====== Data provided
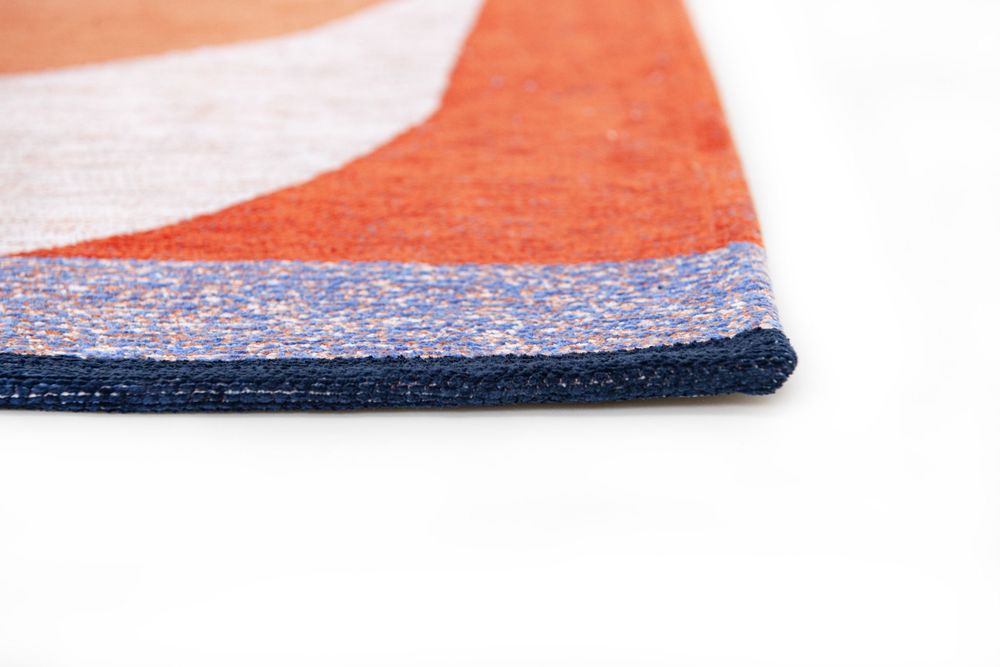 Louis De Poortere Gallery Shapes Rug - 9368 Carpe Diem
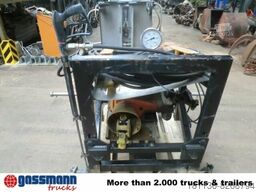 Augl AUGL KMU88H, Kehrmaschinen-Aufbau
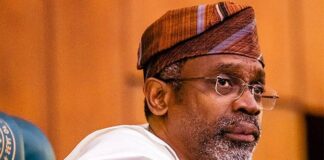 Fake Agency DG Fraudulently Opened CBN Account – Presidency Fake Agency DG Fraudulently Opened CBN Account – Presidency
============
**Activity:** Having located the line with "Augl AUGL KMU88H, Kehrmaschinen-Aufbau", copy it exactly along with every later line through the end of the listing above, but omit the pictures.

**Exercise answer:**
 Augl AUGL KMU88H, Kehrmaschinen-Aufbau
 Fake Agency DG Fraudulently Opened CBN Account – Presidency Fake Agency DG Fraudulently Opened CBN Account – Presidency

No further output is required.